Dans sa décision du 6 février, le juge estime que les 40 personnes visées ont commis des actes de génocide, crimes contre l’humanité, crimes de guerre et terrorisme sur les ordres du président rwandais Paul Kagame. Ce dernier bénéficie de l’immunité des chefs d’état et n’est donc pas l’objet d’un mandat d’arrêt.

Les investigations du juge font suite notamment à l’assassinat de neuf ressortissants espagnols, parmi lesquels un médecin, une infirmière, un photographe et six missionnaires, et dont les proches se sont portés parties civiles. Le juge a cependant agi en vertu de la compétence universelle de la justice internationale. Quelle que soit la nationalité des victimes, l’Espagne peut poursuivre les responsables de génocide, crimes contre l’humanité et crimes de guerre et reste le seul pays à appliquer cette compétence universelle dans sa conception la plus absolue.

L’Espagne « s’estime compétente pour juger des atteintes graves au droit international indépendamment de tout atteinte directe à ses intérêts nationaux », explique le docteur Valentine Buck, dans l’ouvrage Juridictions nationales et crimes internationaux.
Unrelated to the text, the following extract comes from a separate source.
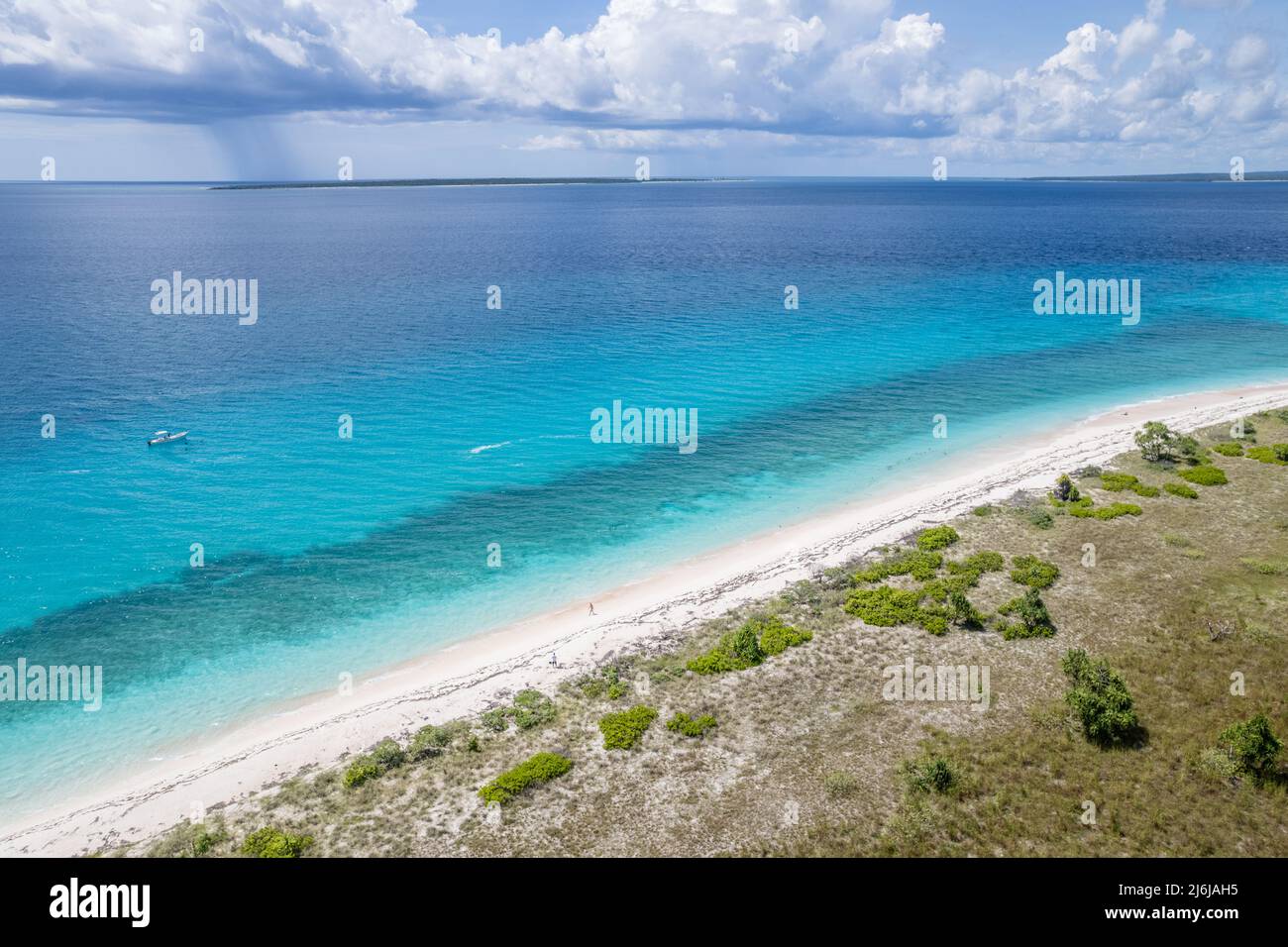 Photo aérienne d'une petite île inhabitée de Doo près de Rote Ndao, province de Nusa Tenggara est, Indonésie Banque D'Images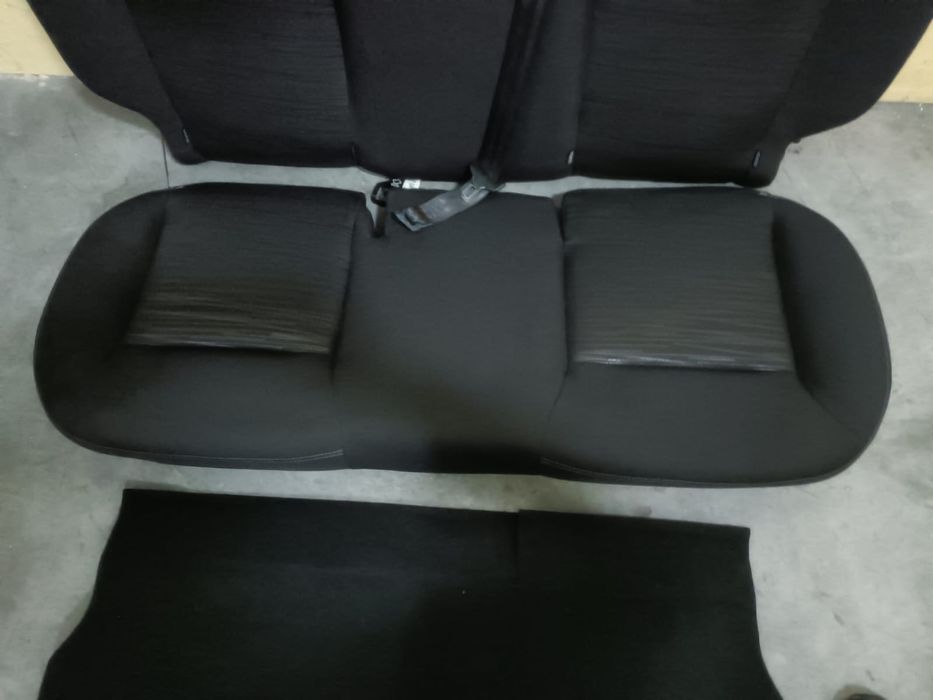 Bancheta Peugeot 208 + Cinturi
Madrid s’était déjà illustrée avec la saga judiciaire de 502 jours autour du dictateur chilien Augusto Pinochet. En 2005, en se saisissant d’une plainte concernant des crimes commis au Guatemala, elle faisait jouer le principe de subsidiarité : les juridictions du Guatemala ne poursuivant pas les auteurs présumés de crimes graves, l’Espagne s’était saisie de l’affaire suite à une plainte.

Dans l’affaire rwandaise, le juge estime que les crimes commis en 1994 devraient tomber sous la compétence du TPIR et se dit prêt à transmettre son dossier si le procureur devait délivrer une demande de dessaisissement. Au TPIR, un procureur interrogé lors d’un procès a expliqué que cela ne concernait pas le tribunal. Au contraire une procédure inverse a été enclenchée, à la demande de l’Onu, de renvoi des affaires devant des juridictions nationales.
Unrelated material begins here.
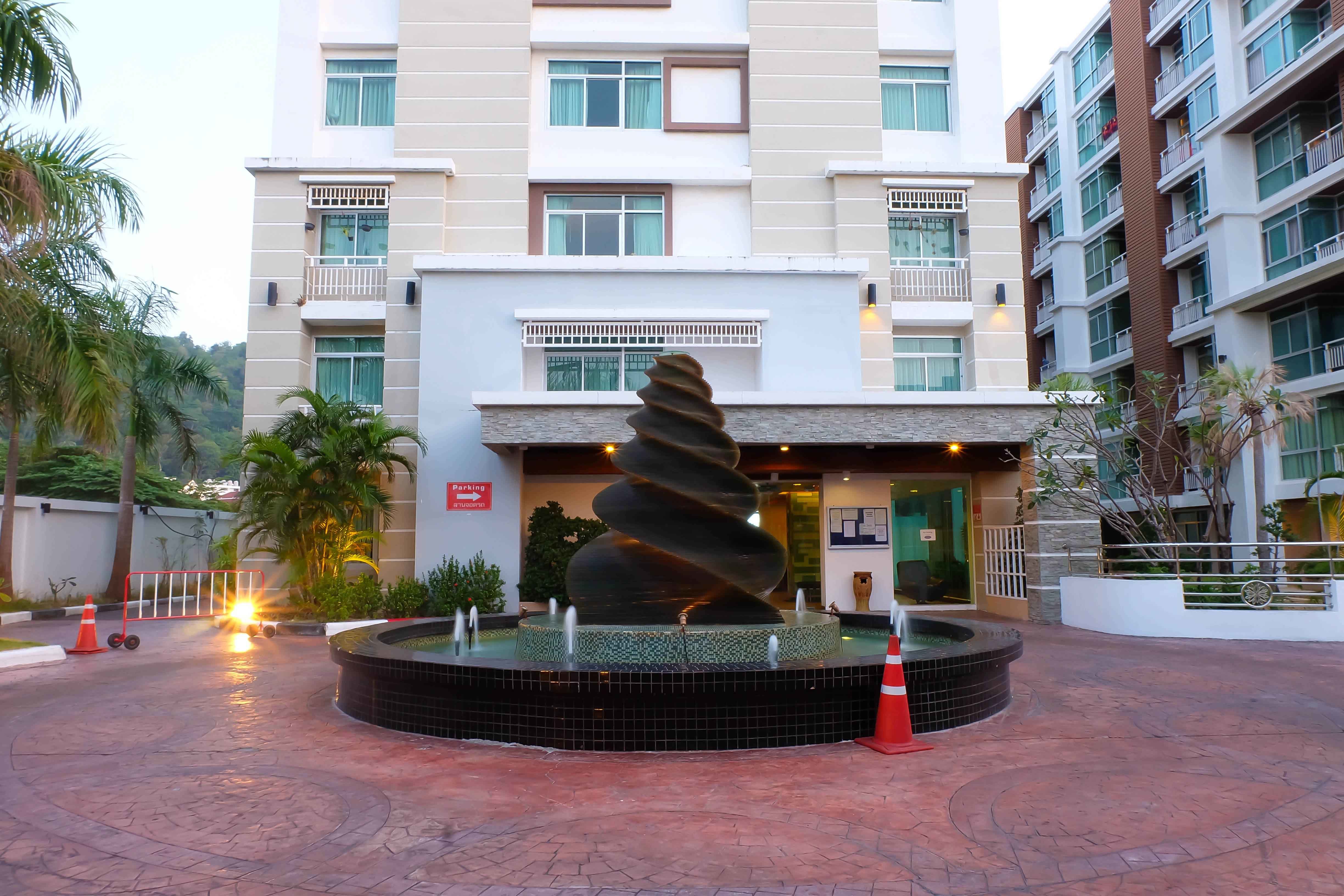 Icheck Inn Residence Patong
Plusieurs victimes rwandaises se sont portées parties civiles, ainsi que des associations rwandaises en exil : Pro Justitia, aux Pays-Bas, Assistance aux victimes des conflits en Afrique centrale (Avica), en Belgique et l’Organisation pour la paix et la justice au Rwanda, (OPJDR) aux Etats-Unis. L’ex sénatrice démocrate américaine, Cynthia McKinney, qui avait travaillé dans l’administration Clinton, s’est elle aussi portée partie civile et a notamment témoigné devant le juge sur le « pillage » de l’est de la république démocratique du Congo.

Le Forum international pour la vérité et la justice dans l’Afrique des Grands lacs, auquel sont associés différents soutiens à cette plainte, et dont l’un des animateurs est M. Jordi Palou-Loverdos s’est également impliqué.

Trois villes espagnoles soutiennent aussi cette plainte : Figueres, Navata et Manresa, en Catalogne, où vivaient l’infirmière Flors Sierera, de Médecins du Monde, et le père Joaquim Vallmajo, assassinés respectivement en 1994 et 1997.